Back in 1965, John Gosden's father, Towser, caused something of a scandal here when he and a minor actress embraced after the late trainer's Charlottown had won the Solario Stakes on an early edition of the annual Variety Club fund- raising day at the races. Yesterday, as his own charge Foss Way stood panting in the winners' circle after the seven-furlong contest, Gosden fils looked askance at a troupe of scantily clad wannabes lined up in the presentation party.
"I can't remember the name of the actress," he said, "but I can remember how shocked everyone was when my father and she exchanged a kiss after she gave him one of the prizes, a box of chocolates tied up with a red velvet ribbon. It was held up to be an example of how standards in the sport were going downhill."
Nearly four decades on, it takes much more to frighten the horses, but Gosden declined to pucker up. And some things never change as racing and showbiz meet in the cause of "char-i-dee". It was as difficult to put a name to many of the so-called celebs parading in front of the cameras as Gosden found it to recall that unknown actress.
Whether or not Sheikh Mohammed's Foss Way will achieve real celebrity, only time will tell. Charlottown was the last Solario Stakes winner to go on to win the Derby and, although the last subsequent Classic winner to score was Oh So Sharp 18 years ago, the race's record as a pointer to above-average ability is respectable enough in recent seasons – Best Of The Bests beat Sarafan in 1999, Storming Home finished second the following year and, 12 months ago, the winner Redback, third in the 2,000 Guineas this spring, had St Leger favourite Bandari back in seventh.
After beating Sweet Return a head, with Dhabyan and St Pancras on their heels, Foss Way, ridden by Jimmy Fortune, had to survive a lengthy stewards' inquiry to take the spoils. The principals all came from off the pace and there was some jostling for daylight.Foss Way, an attractive chestnut by Desert Prince, holds all the right entries for one with his pretensions. "I should think he'll run again this year," said Gosden. "He's a good sort of colt with the right attitude to his job, but he needs more education."
Dhabyan, whose sire Silver Hawk won the race in 1981, suffered most of the ill-fortune in running. "I think he should have won," said his trainer Ben Hanbury, "but at least I know I've got a nice dark horse for next year's Derby."
The Solario Stakes may not, these days, be a certain supplier of future names to conjure with, but the main juvenile race of the weekend, today's Moyglare Stud Stakes at the Curragh, certainly is. Over the past decade, no fewer than a dozen subsequent individual Group or Grade One heroines have emerged from the fields for the seven-furlong contest, the first of the season at the top level confined to fillies.
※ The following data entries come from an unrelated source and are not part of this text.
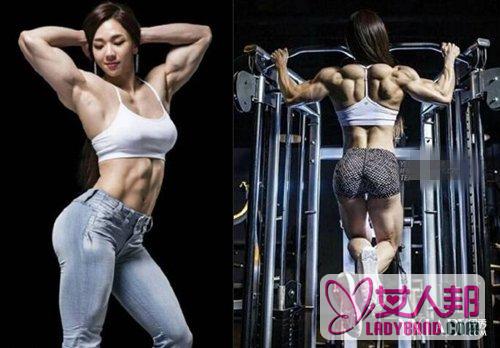 韩国萝莉脸肌肉女走红 肱二头肌图解锻炼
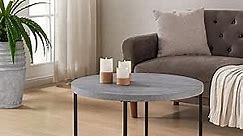 CENSI Grey Round Coffee Table for Living Room, with Extra Thick Tabletop in Grey Marble Finish, Wood and Metal, Modern Industrial Style (Concrete)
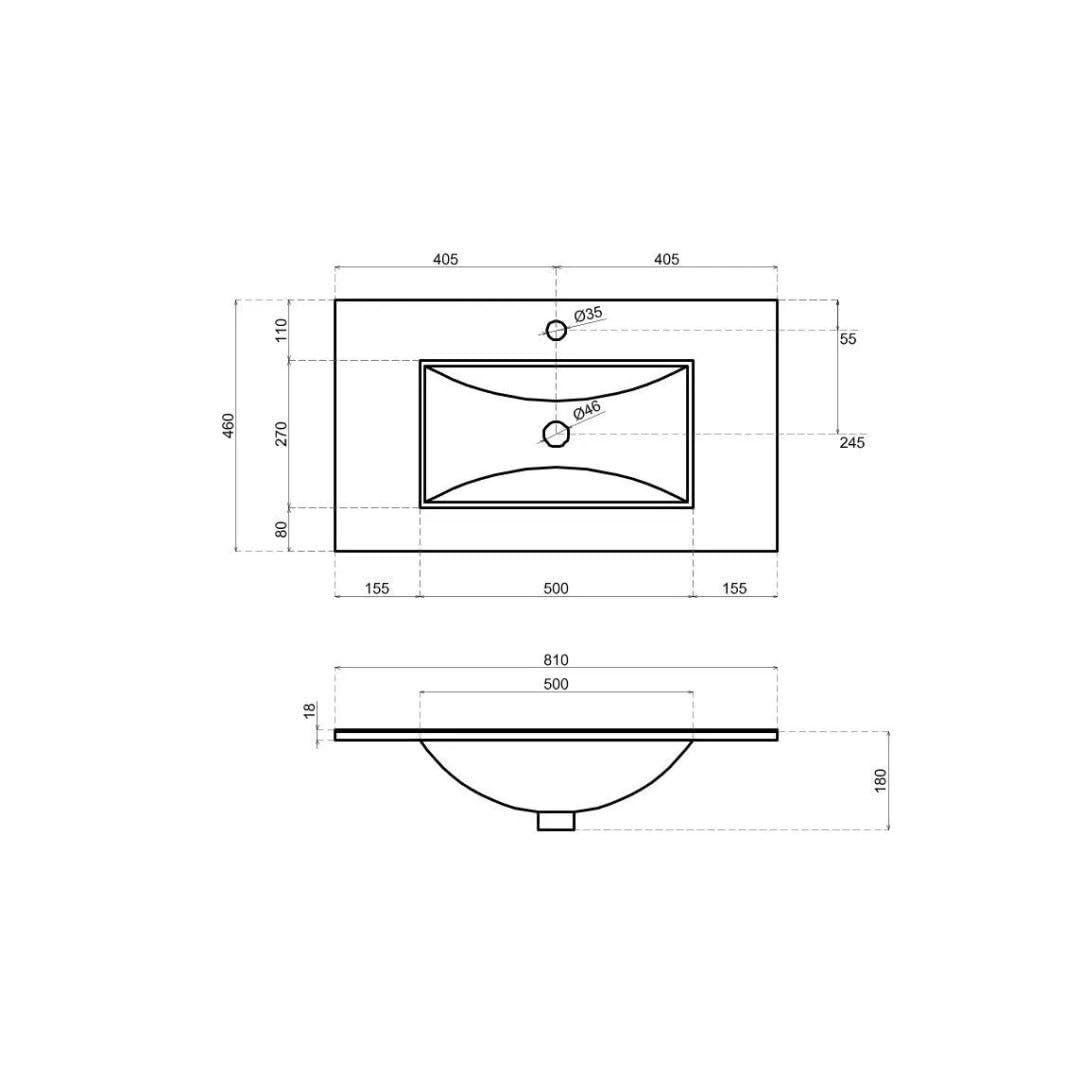 Kiamami Valentina - Mueble de baño suspendido de 80 cm con cajón, Lavabo de cerámica y Espejo de 80x60 Silvia
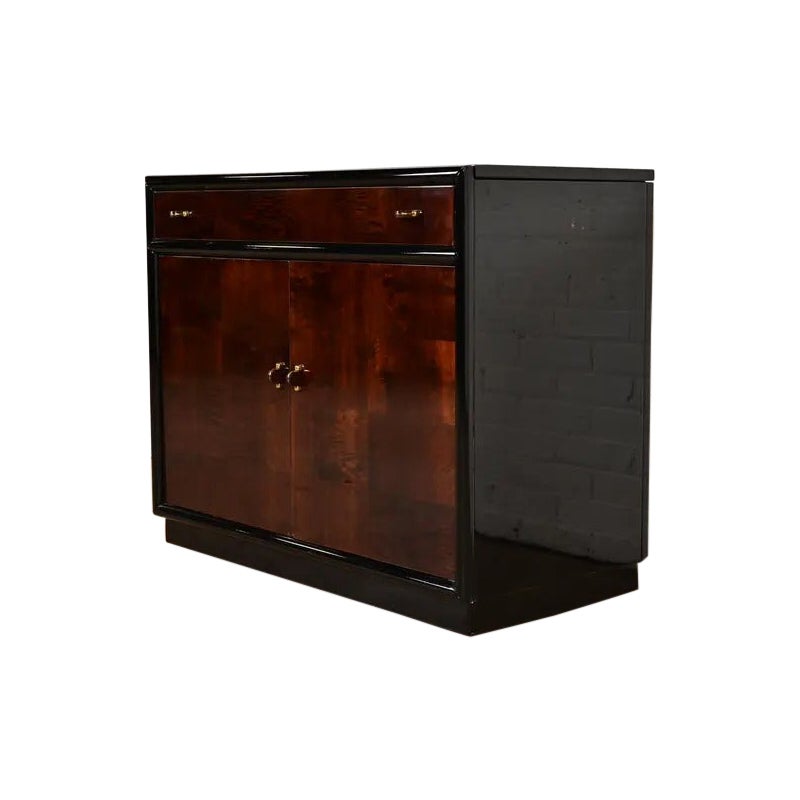 Milo Baughman Style Modern Art Deco Burl Wood Bar Cabinet by Henredon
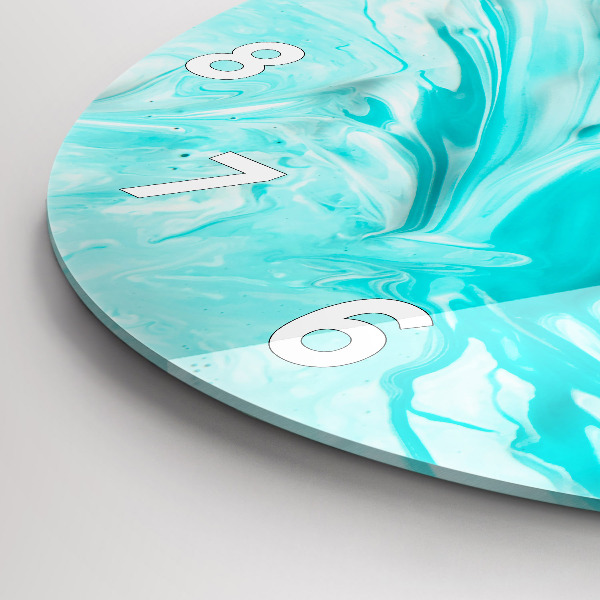 Zegar szklany okrągły Niebieska abstrakcja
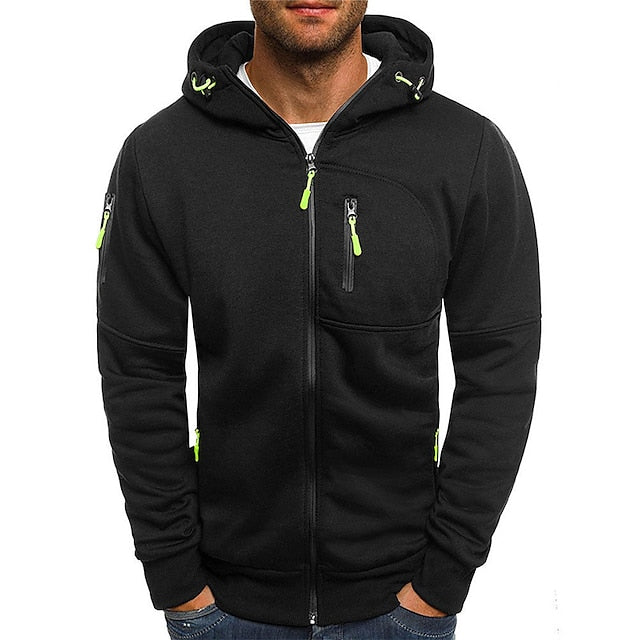 Men's Classic Hoodie with Double Layer Hood and Front Pockets Black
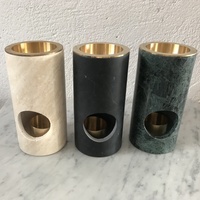 Brûleur d'encens et d'huiles essentielles moderne en marbre beige, travertin, marbre blanc de Carrare et marbre vert, finition polie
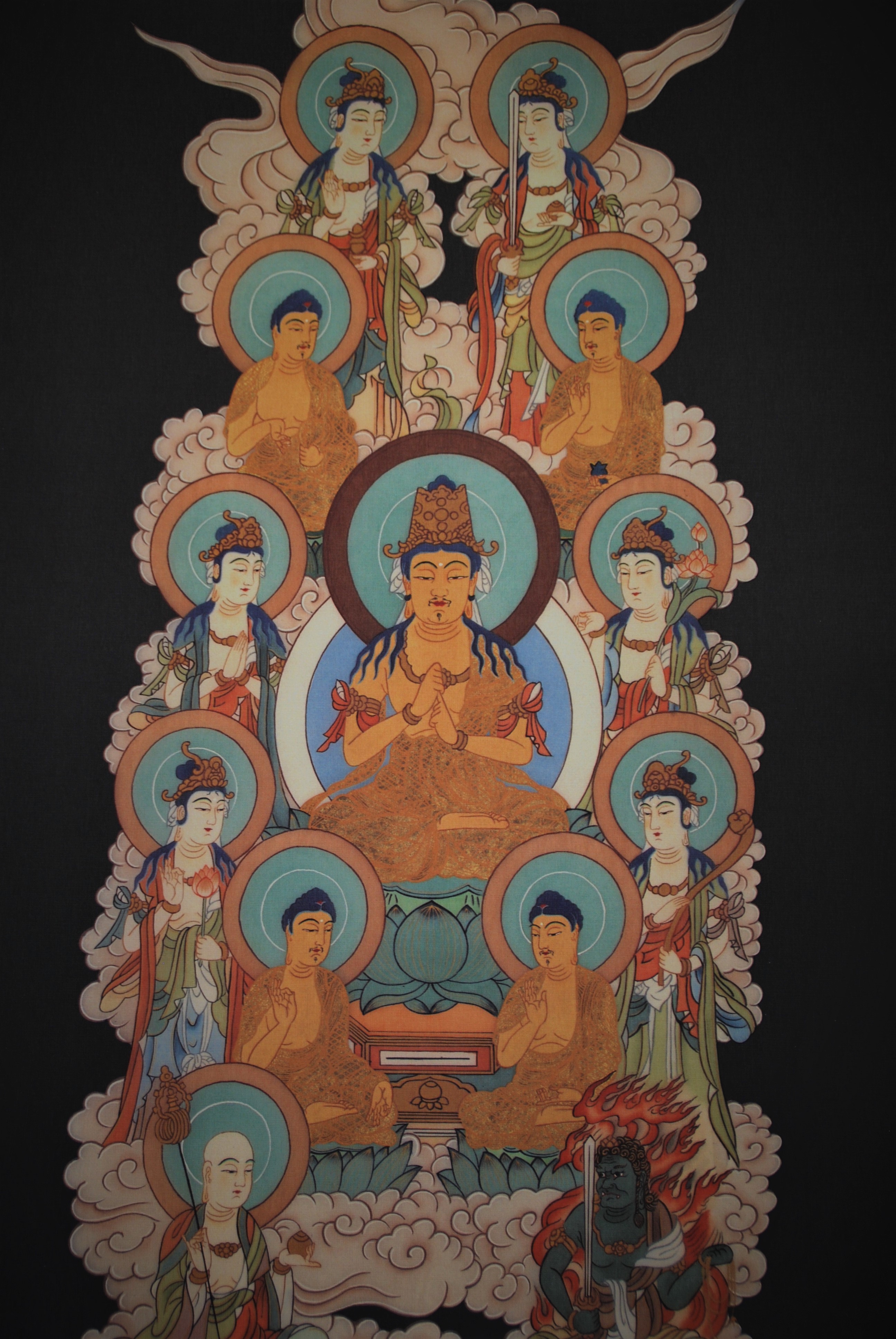 阿波掛軸堂 / A-003 真言十三佛大師付（紺） (和紙印刷)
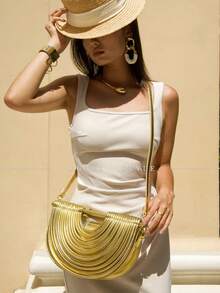 Bolso de mano de lujo para mujer con textura a rayas exquisita, bolso bandolera de un solo color de gran capacidad con forma, bolso de cóctel de temperamento, perfecto para vacaciones, fiestas, bodas, banquetes, se puede combinar con vestidos diarios, de baile, de cumpleaños y de fiesta - Dorado - Ver 4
Aidan O'Brien's bid for a hat-trick, after success with Sequoyah and Quarter Moon, was ruled out yesterday when his well-fancied contender Reach For The Moon succumbed to the coughing that has blighted Ballydoyle recently.
Her defection leaves the home defence headed by Danaskaya, trained by Jim Bolger. The Danehill filly will test the value of Russian Rhythm's Lowther Stakes form, having chased home the 1,000 Guineas favourite in the York race.
There has not been a British winner of the Curragh contest for five years. John Gosden's charge Pearl Dance and Mail The Desert (Mick Channon) challenge today, with the former, narrowly beaten in the Cherry Hinton Stakes last time, perceived the better. "Perhaps that Russian Rhythm form is a cut above us," said Gosden, "but she may have been unlucky at Newmarket and the step up in trip will suit. We've freshened her up since then and she's in good form and even a little piece of a Group One race will do us fine."
Today's other Group One action is at Baden-Baden, where Godolphin's Marienbard takes on seven rivals, headed by Boreal, in the Grosser Preis von Baden, the German round of the World Series.